The use of debit and credit cards continues to rise in Canada. Currently there are 34 million debit cards in circulation across the country. Between 2008 and 2009 the number of debit transactions in Canada rose from 3.7 billion to 3.8 billion annually and the value of debit transactions rose from $168 billion to $171 billion(1). There were approximately 69 million credit cards in circulation in Canada in 2009, compared with 68 million in 2008(2).
"With so many cards in use, a small amount of fraud can happen, however, Canadians can be proactive about preventing it. Keeping track of where their cards are at all times, protecting their Personal Identification Number (PIN) and remembering to always report their lost or stolen card are all very simple ways to help ensure they are not victims of fraud," says Morris.

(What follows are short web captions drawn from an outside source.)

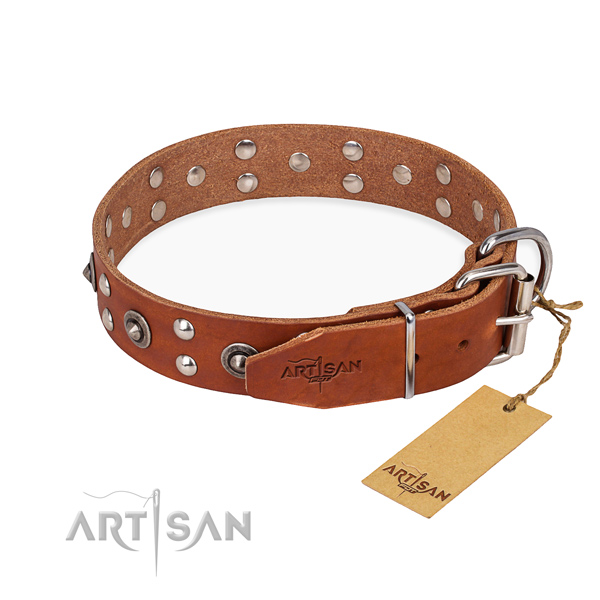 Rust resistant buckle on full grain genuine leather collar for your lovely doggie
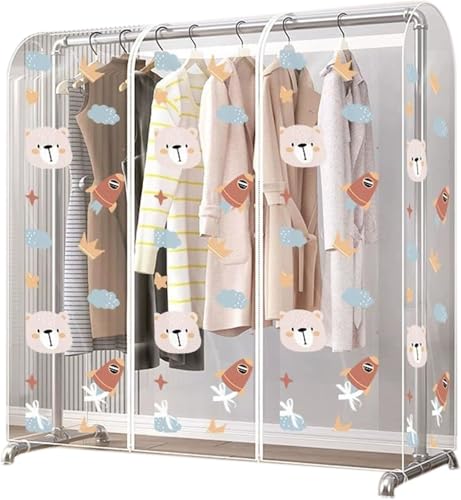 FUELIX Abdeckung Für Kleiderständer Kleiderschutzhülle Kleiderständer Mit Abdeckung Transparent Staubschutz Abdeckung Schutzhülle Kleiderstange Für Kleiderstange Staubdicht L200xW50xH150 von FUELIX
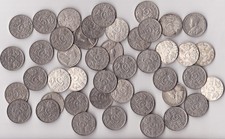 LOT/ROLL OF 40 - 1923 CANADA 5 CENTS NICKELS
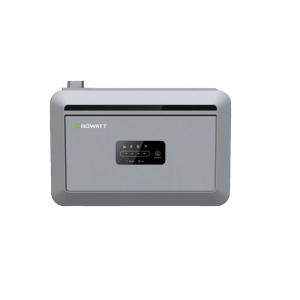 Growatt Nexa 2000 All-In-One Speicher für Balkonkraftwerke, graues Gehäuse.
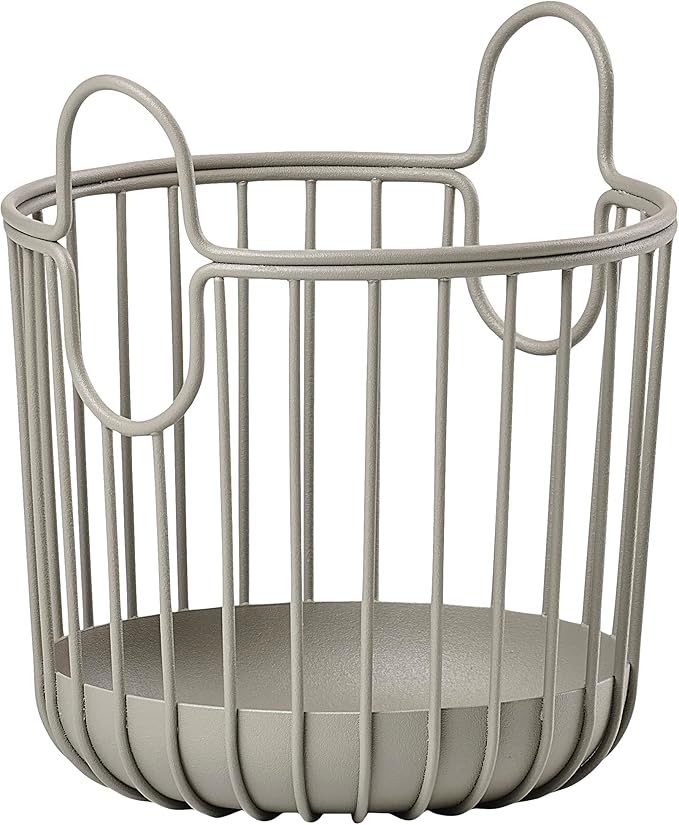 ZONE DENMARK Inu Basket - Basket with Handles Crafted from Metal - with sleek and sturdy design - Stylish and Functional Storage for Kitchen, Bathroom, Children's Room, and Home Office- (Small)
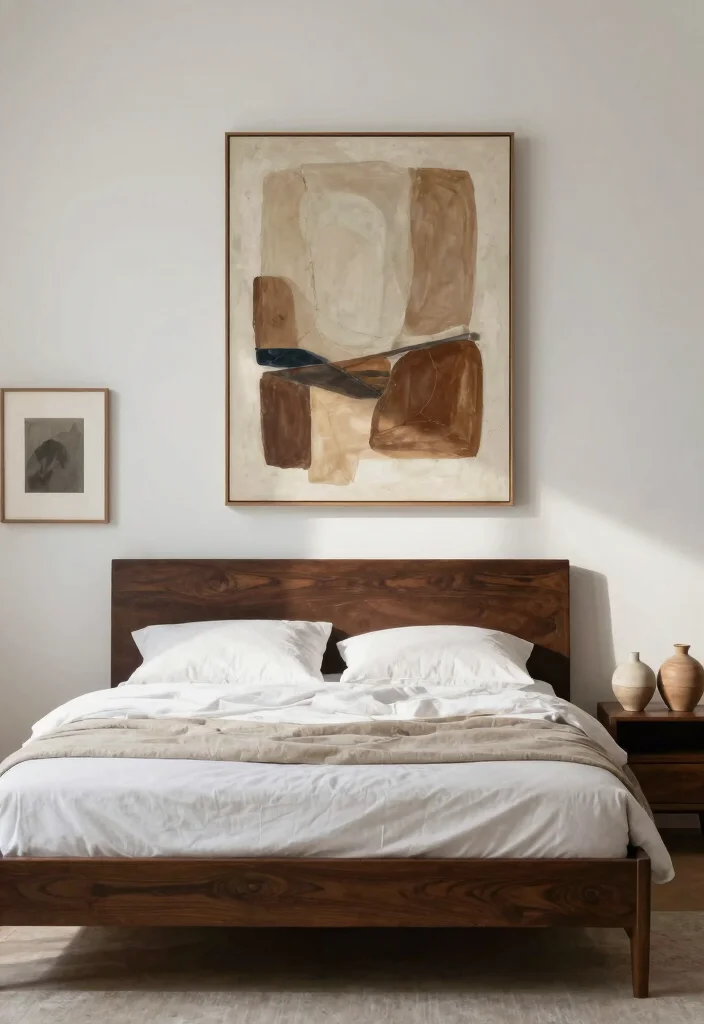 16 Dark Brown Bed Frame Minimalist Bedroom Ideas With Clean Aesthetic - 5. Incorporating Art and Decor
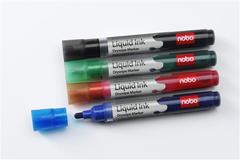 NOBO Whiteboardpenner flytende blekk 6 stk. For whiteboards og flippoverblokker, sort, rød, blå, grønn, orange, lilla
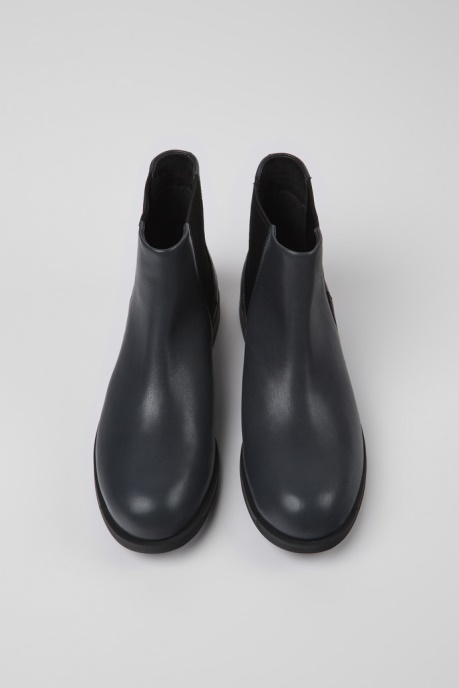 Camper AU Bowie Gray Leather Ankle Boots For Women New Arrivals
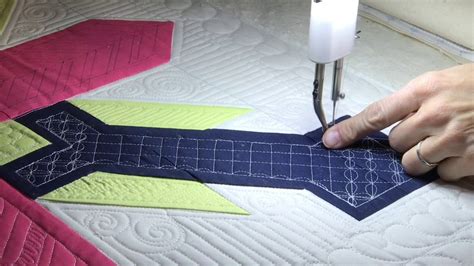 Free motion quilting with rulers - YouTube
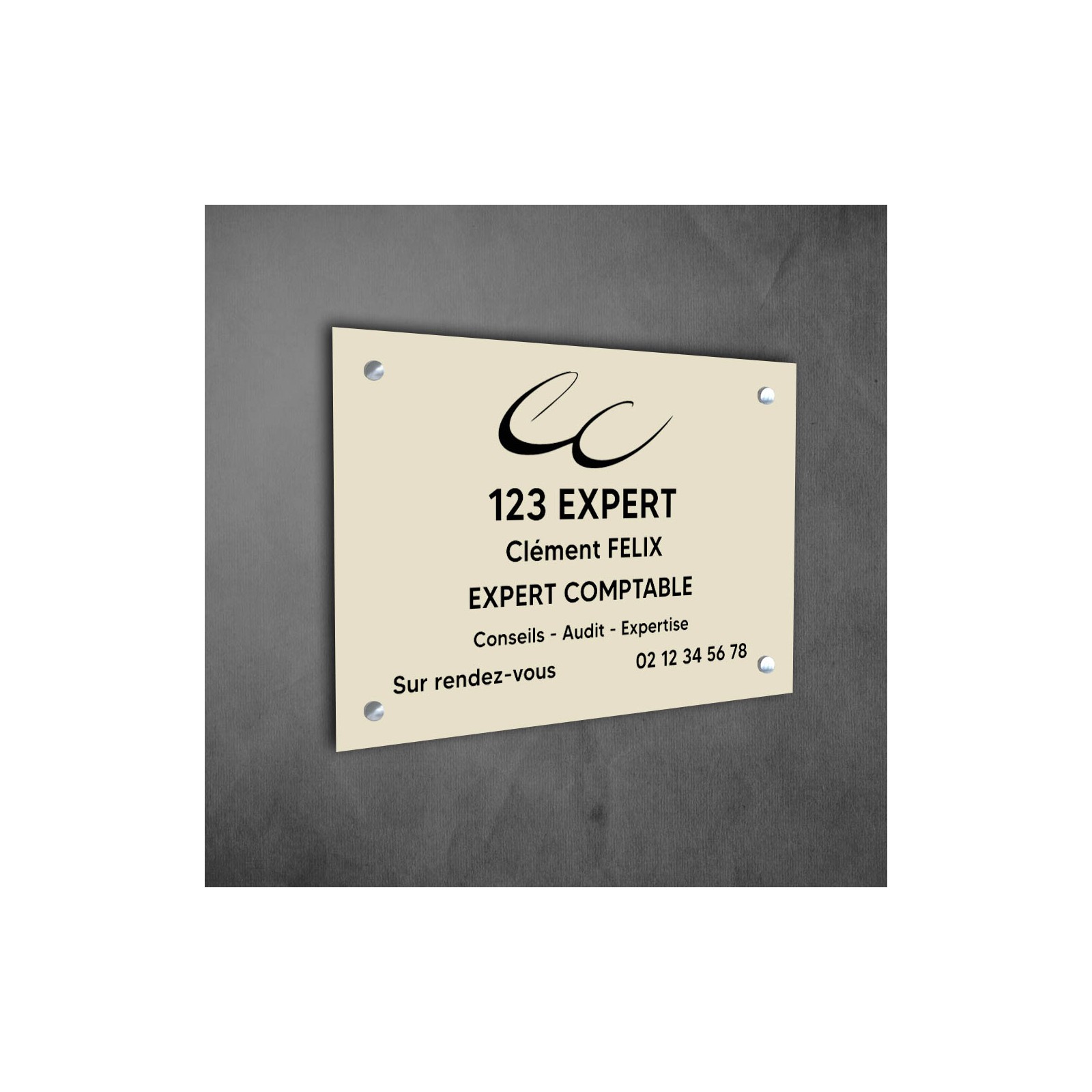 Plaque professionnelle personnalisée en PVC avec logo pour expert comptable - Format 30 cm x 20 cm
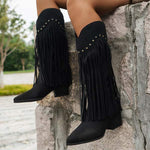 Women's Pointed-Toe Block Heel Fringe Western Boots 36180061C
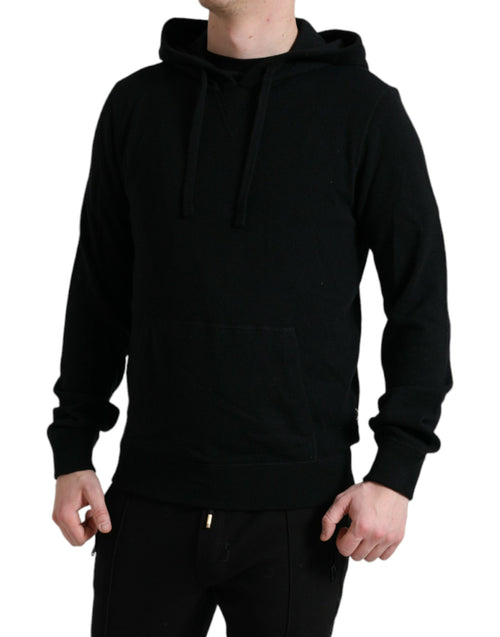 Dolce & Gabbana Elegant Black Cashmere Hooded Men's Sweater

In support of Fraud Prevention Month, TD Canada Trust offers the following tips, which Canadians can use to help protect themselves:
Credit card fraud prevention tips:
<< Guard your cards - Always know the location of your credit cards. Keep them in a safe place if unattended. - Don't lend your cards to anyone. - When making a purchase, keep your card in view as much as possible. - Don't forget to take your card after using it at an ABM or to pay for a purchase. - Carry with you only the cards you need. - Never provide your credit card number over the phone unless you are the one who initiated the call. Check your records, statements and activities - Check your account statements as soon as they are available to ensure all transactions and charges are correct. Look for extra or missing transactions and report any discrepancies immediately. Using an online banking service, like TD Canada Trust EasyWeb, allows you to check your transactions throughout the month. Report missing cards immediately - If your card is lost, stolen or is retained by an ABM, notify your financial institution immediately. In the event fraud does occur, Visa cardholders are protected through the Visa Zero Liability Policy, which means they are not responsible for fraudulent or unauthorized purchases or charges on their Visa account. Victims of debit card fraud are protected by the Canadian Code of Practice for Consumer Debit Card Services, and are reimbursed by their financial institutions. Debit card fraud prevention tips: - Select a PIN that's easy for you to remember but difficult for others to guess. Always avoid the obvious - your telephone number, date of birth, etc. - Memorize your PIN. Do not let anyone else know or use your PIN and avoid writing it down. - Always enter your PIN yourself. - Never give out your PIN over the phone, Internet or mail. No one but you knows your PIN - not even your financial institution. - Complete transactions only when and where you feel secure. - When conducting transactions at an ABM or making a debit purchase, use your hand or body to shield the keypad when you enter your PIN. - When a transaction is complete, put your card back in your wallet and take your transaction record. - Shred or otherwise destroy your transaction records when you no longer need them. >>
TD Canada Trust takes card security seriously, and uses some of the newest technologies available to protect its debit and credit cardholders. This includes sophisticated monitoring and detection systems, the existing security features of TD Canada Trust Access Cards and credit cards, such as PIN numbers, as well as adding 'chip' technology to its cards.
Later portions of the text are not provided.